▶ [RECORDS FOR THIS TASK]
-- -- --
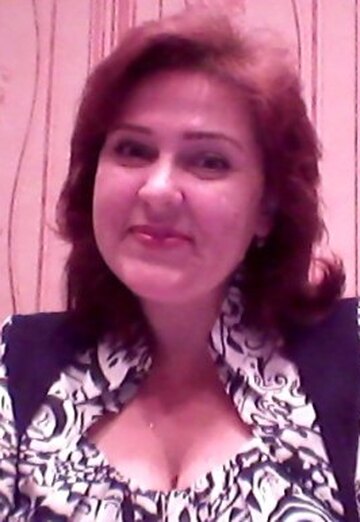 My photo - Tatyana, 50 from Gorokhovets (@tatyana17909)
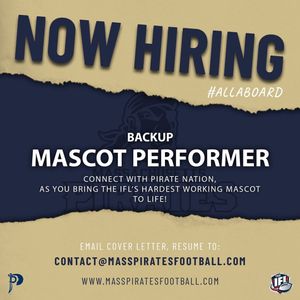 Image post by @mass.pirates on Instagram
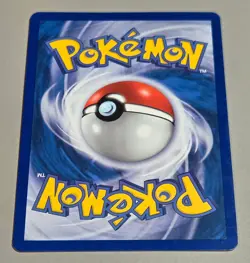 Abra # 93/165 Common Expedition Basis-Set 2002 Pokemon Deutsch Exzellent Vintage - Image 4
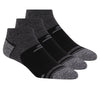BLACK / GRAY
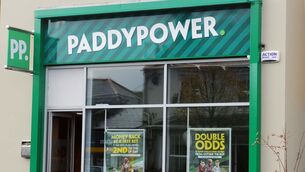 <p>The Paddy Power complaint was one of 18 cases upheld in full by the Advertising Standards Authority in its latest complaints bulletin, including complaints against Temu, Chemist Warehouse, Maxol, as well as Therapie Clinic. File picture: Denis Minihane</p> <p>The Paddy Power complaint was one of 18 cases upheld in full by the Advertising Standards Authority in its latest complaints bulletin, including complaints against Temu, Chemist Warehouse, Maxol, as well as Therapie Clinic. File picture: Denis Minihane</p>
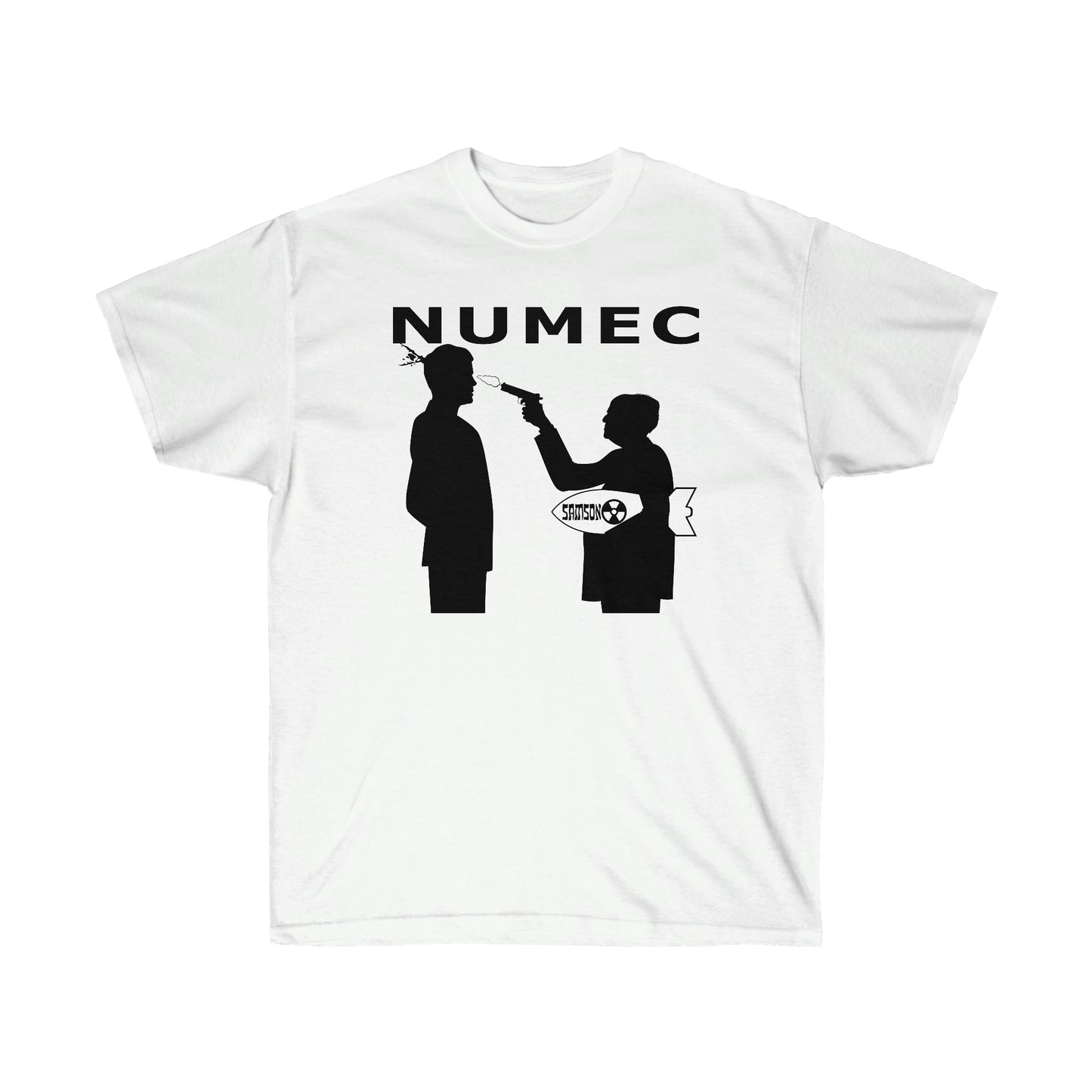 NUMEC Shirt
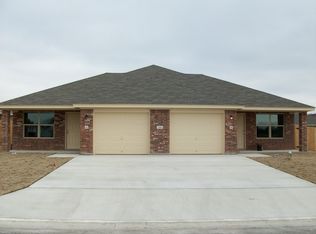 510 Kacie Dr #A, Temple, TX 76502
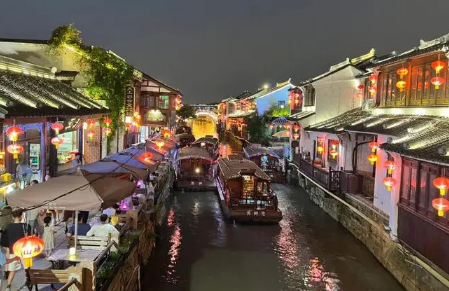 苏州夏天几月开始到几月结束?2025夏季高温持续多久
-- -- --
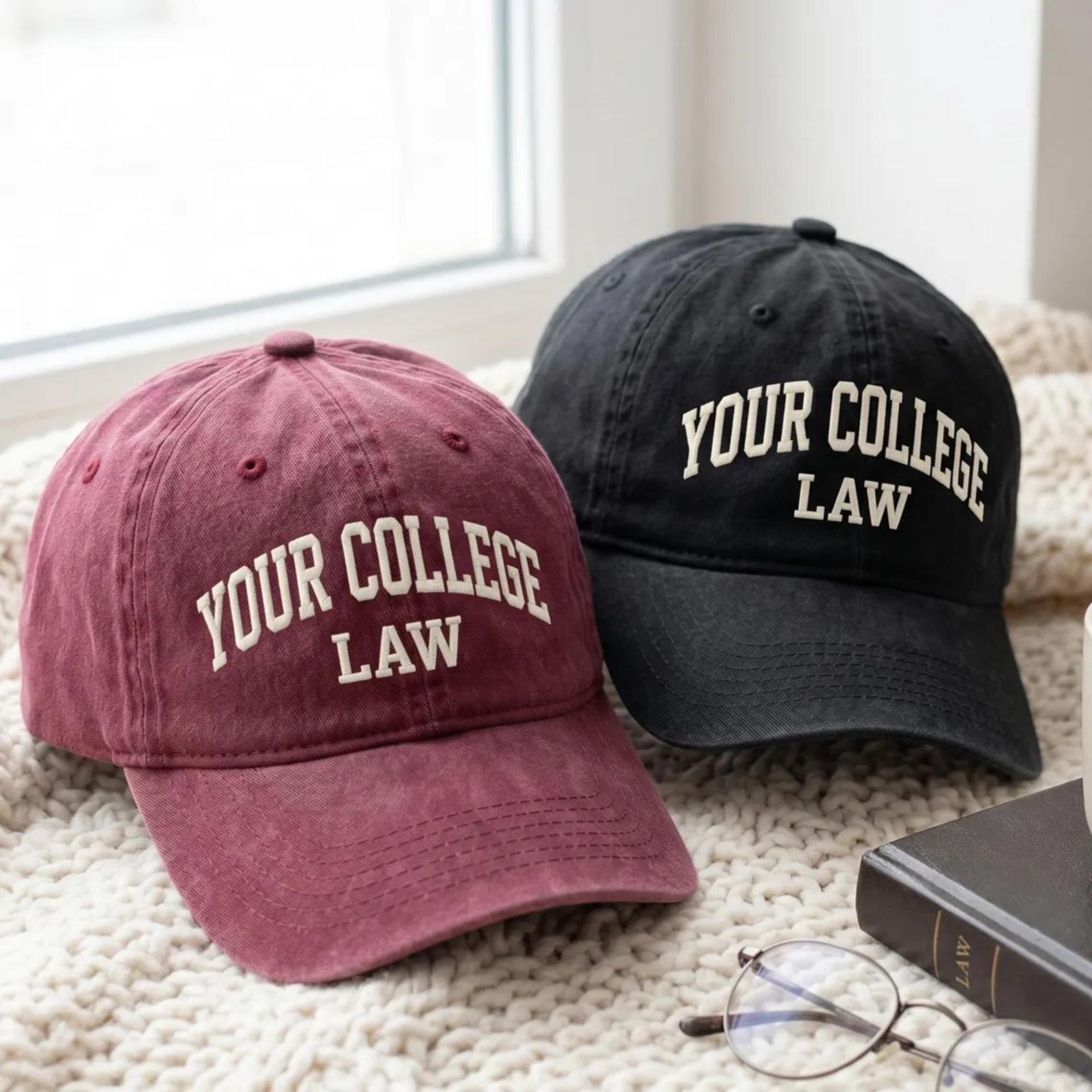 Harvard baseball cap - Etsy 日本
-- -- --
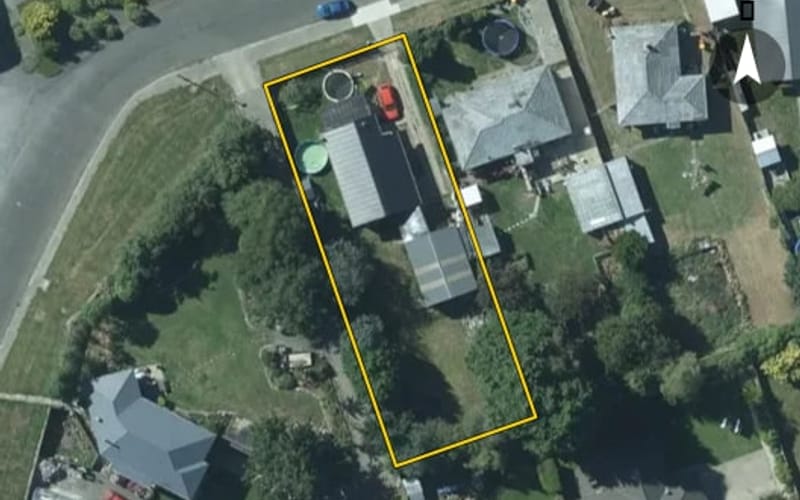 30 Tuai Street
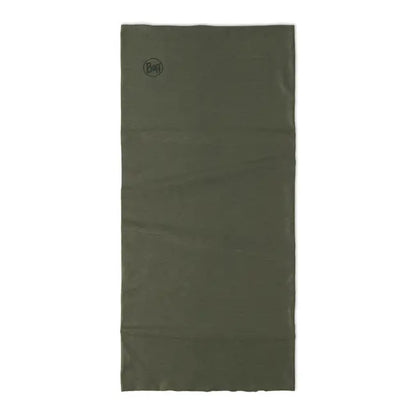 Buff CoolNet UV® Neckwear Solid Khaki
-- -- --
Exact repeat of the material above: every line from the one with "NUMEC Shirt" through the one with "苏州夏天几月开始到几月结束?2025夏季高温持续多久", endpoints included, and nothing more. No pictures.

 NUMEC Shirt
 510 Kacie Dr #A, Temple, TX 76502
 苏州夏天几月开始到几月结束?2025夏季高温持续多久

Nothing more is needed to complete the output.